En el marco del proyecto, se entregaron dos embarcaciones artesanales, denominadas “Currambera La Cangrejera” y “Currambera El Playero Come Jaiba”, que se distinguen por su bajo impacto ambiental. Estas embarcaciones son autopropulsadas por motores fuera de borda de 20 hp, con el respaldo de remos para ayudar en los recorridos. Con 9 metros de longitud y 2,60 metros de ancho, las embarcaciones tienen capacidad para 22 personas, ofreciendo una experiencia de navegación cómoda y responsable con el medio ambiente.

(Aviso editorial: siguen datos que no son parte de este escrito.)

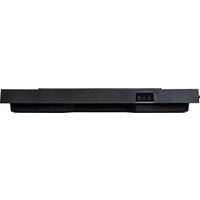Синтезатор Supra SKB-545 - Превью изображения №3 — Интернет-магазин Teono.by
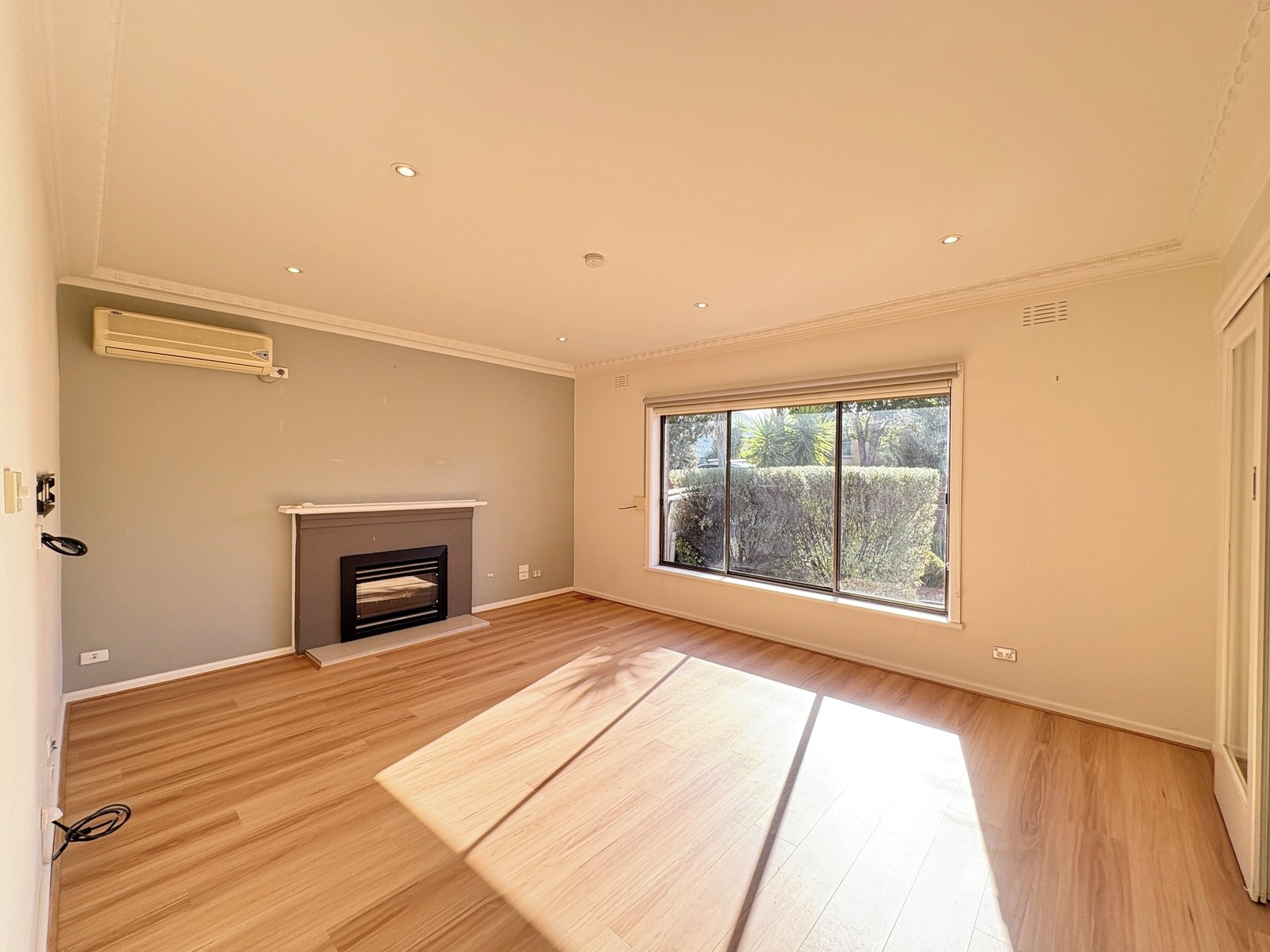 Gallery: 59 Cambra Road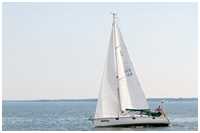 Beneteau Oceanis 400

El recorrido por la Ciénaga de Mallorquín en «Las Curramberas» es una invitación a sumergirse en la naturaleza y entender la importancia de su conservación. Los turistas pueden disfrutar de un recorrido de aproximadamente una hora, comenzando en el muelle del sector La Playita (Aulas Ambientales). Durante el trayecto, los visitantes recibirán una charla sobre la biodiversidad local, las prácticas sostenibles en la región y la relevancia de la ciénaga en la vida de la comunidad. Además, el recorrido incluye una parada en el Ecoparque y la Punta de Félix, así como un punto de siembra de mangles, un esfuerzo clave en la recuperación de los ecosistemas.
El proyecto «Las Curramberas» no solo busca atraer turistas, sino también mejorar la calidad de vida de las 60 familias vinculadas a las cooperativas “Playero Come Jaiba” y “La Cangrejera”. Al ofrecerles una alternativa sostenible a la pesca de subsistencia, se fomenta la diversificación de actividades económicas que promuevan la conservación del entorno sin dejar de lado el desarrollo social y económico de la región.
Además, las embarcaciones están completamente registradas y cuentan con la patente de navegación, lo que garantiza la seguridad de los turistas y el cumplimiento de las normativas establecidas por el Ministerio de Transporte.
Este proyecto marca un paso importante en la consolidación del ecoturismo como un pilar fundamental para el desarrollo socioeconómico de la Ciénaga de Mallorquín en Barranquilla. La iniciativa no solo promueve la sostenibilidad, sino que también resalta la importancia de preservar los recursos naturales, que son el atractivo principal de la región, mientras se impulsa el bienestar de las comunidades locales.
«Las Curramberas» es un ejemplo de cómo la colaboración entre organizaciones ambientales, pescadores y autoridades locales puede crear un modelo de desarrollo inclusivo, respetuoso con el medio ambiente y beneficioso para todos. Con esta apuesta por el ecoturismo, la Ciénaga de Mallorquín se proyecta como un destino turístico de excelencia, donde la naturaleza, la cultura local y la sostenibilidad se unen en una experiencia única para los visitantes.
En el extremo norte de Barranquilla, donde el río Magdalena se encuentra con el mar Caribe, se extiende la Ciénaga de Mallorquín, un cuerpo de agua costero de 7,4 km². Este ecosistema, rodeado por los barrios Las Flores y el corregimiento La Playa, es el pulmón verde de la ciudad y un santuario de biodiversidad.